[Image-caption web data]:
________________
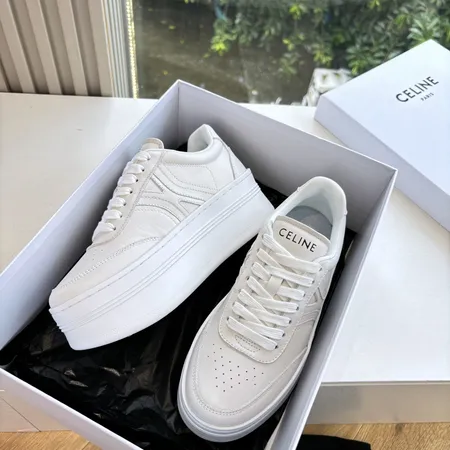 セリーヌ カジュアルシューズ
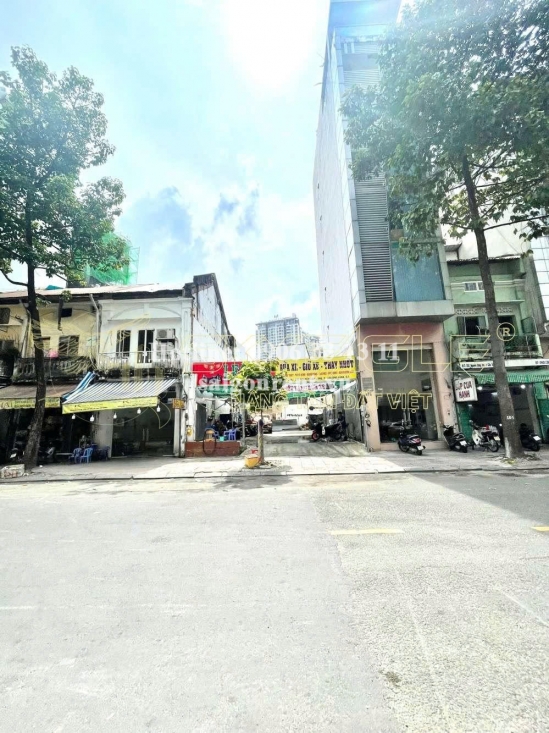 Bán nhà 375-377 Nguyễn Công Trứ, phường Cầu Ông Lãnh, Quận 1, diện tích 160,7m2, giá bán 130 tỷ
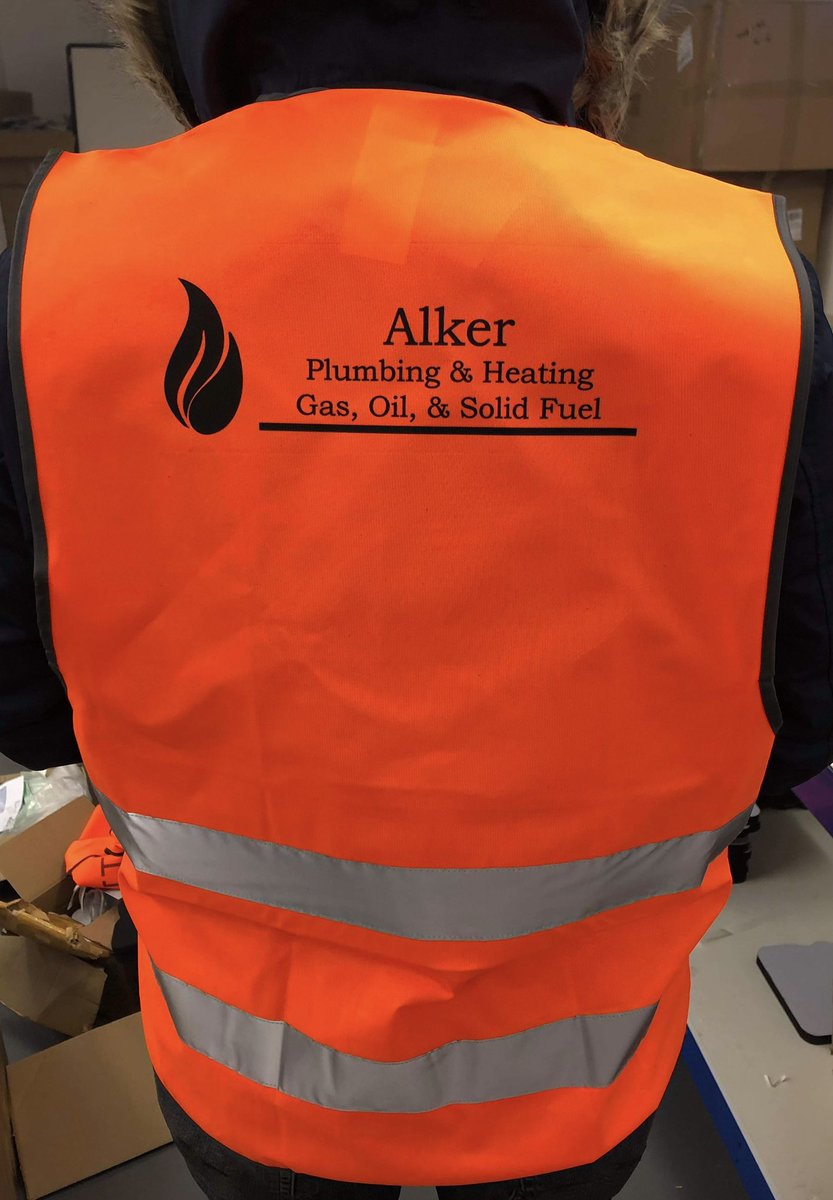 Embroidered and printed workwear, tailored to your needs!!
•
#workwear #customworkwear #branding #embroidery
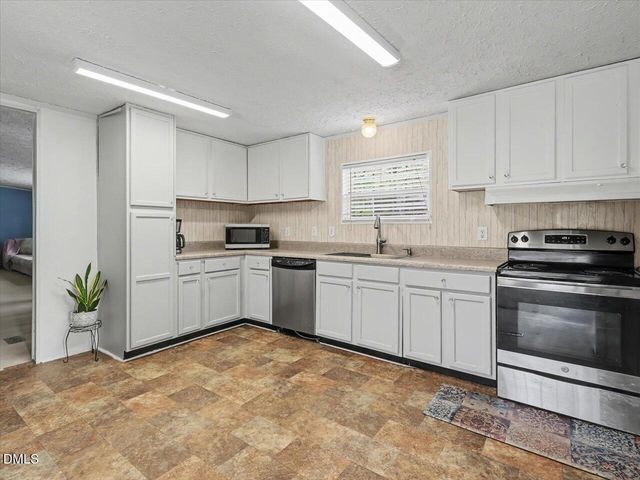 523 County Line Road, Manson, NC 27553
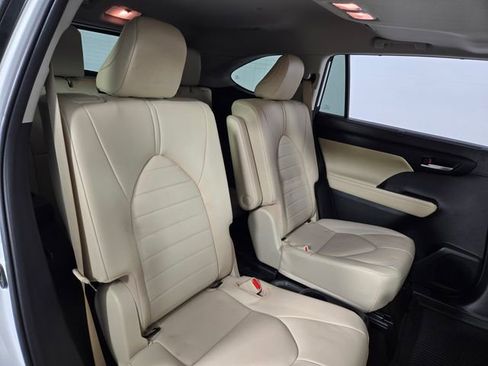 Used 2023 Toyota Highlander XLE image 18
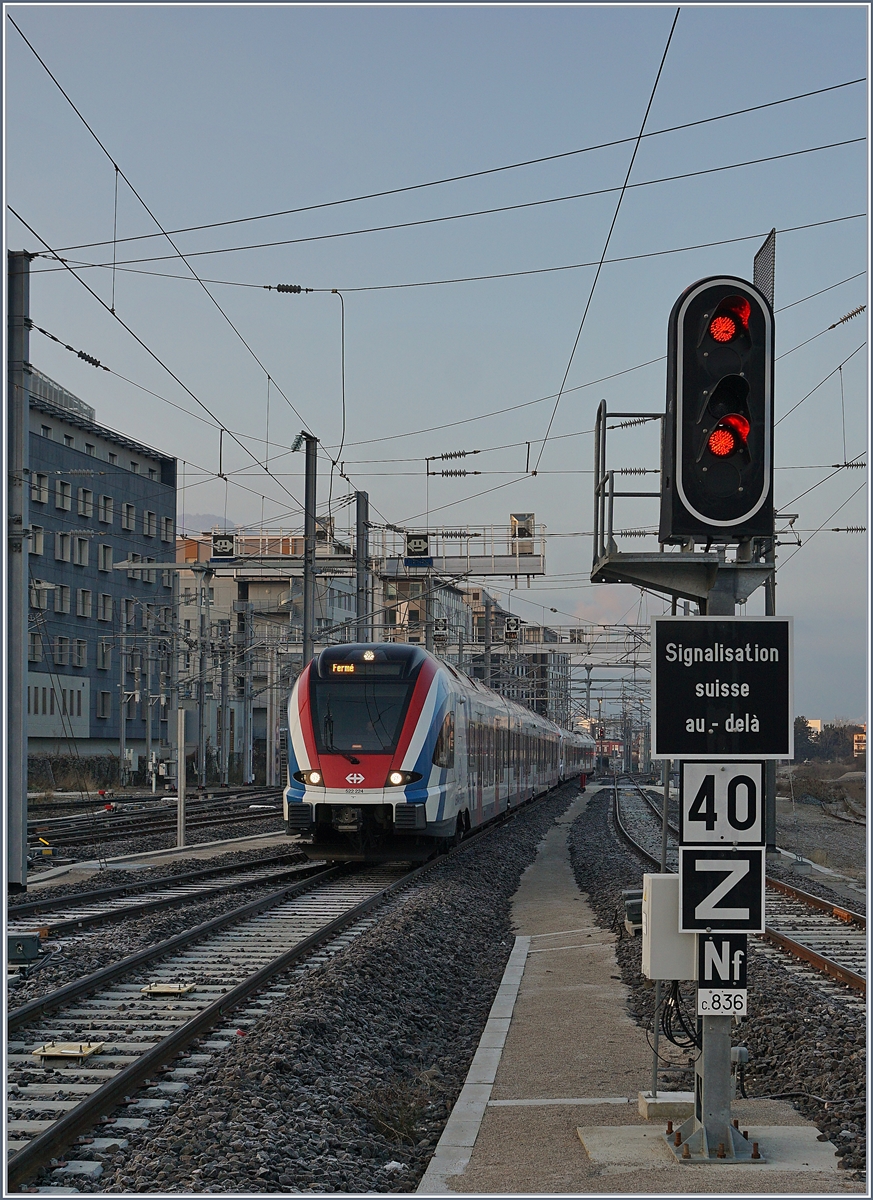 Der SBB CFF LEX RABe 522 224 erreicht von Genève kommend Annemasse, wo ein Ausfahrsignal für die Züge der Gegenrichtung verkündet, dass ab jetzt Schweizer Signale den Zugverkehr regeln. Untypisch jedoch, sowohl für Frankreich als auch für die Schweiz: auf der CEVA herrscht im Regelbetrieb Rechtsverkehr.

21. Januar 2020
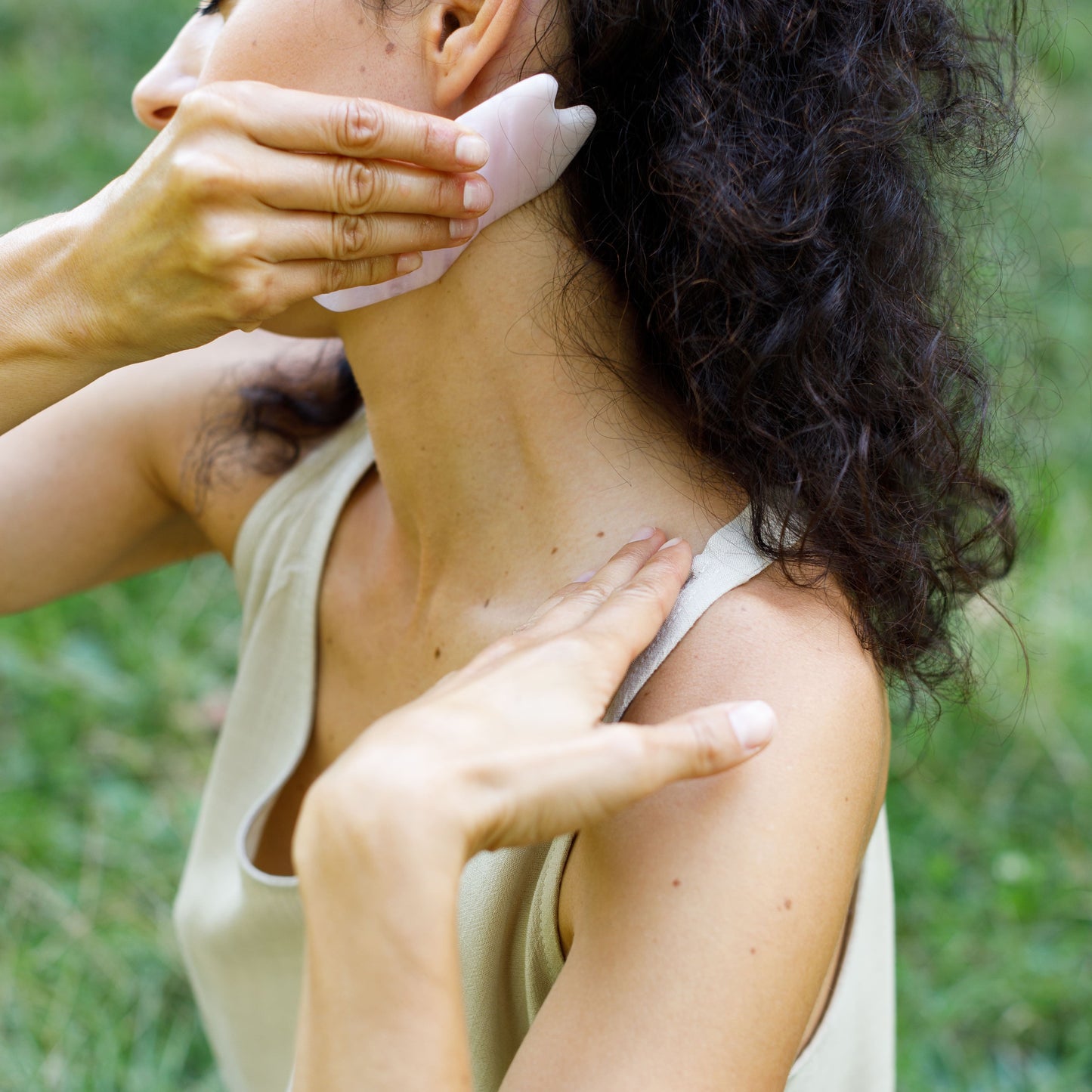 GUA SHA | Rosenquarz | Gesichtsmassage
________________
[Assignment]: Write out every line above exactly as it is, leaving out the pictures.

[Answer section]:
 セリーヌ カジュアルシューズ
 Bán nhà 375-377 Nguyễn Công Trứ, phường Cầu Ông Lãnh, Quận 1, diện tích 160,7m2, giá bán 130 tỷ
 Embroidered and printed workwear, tailored to your needs!!
•
#workwear #customworkwear #branding #embroidery
 523 County Line Road, Manson, NC 27553
 Used 2023 Toyota Highlander XLE image 18
 Der SBB CFF LEX RABe 522 224 erreicht von Genève kommend Annemasse, wo ein Ausfahrsignal für die Züge der Gegenrichtung verkündet, dass ab jetzt Schweizer Signale den Zugverkehr regeln. Untypisch jedoch, sowohl für Frankreich als auch für die Schweiz: auf der CEVA herrscht im Regelbetrieb Rechtsverkehr.

21. Januar 2020
 GUA SHA | Rosenquarz | Gesichtsmassage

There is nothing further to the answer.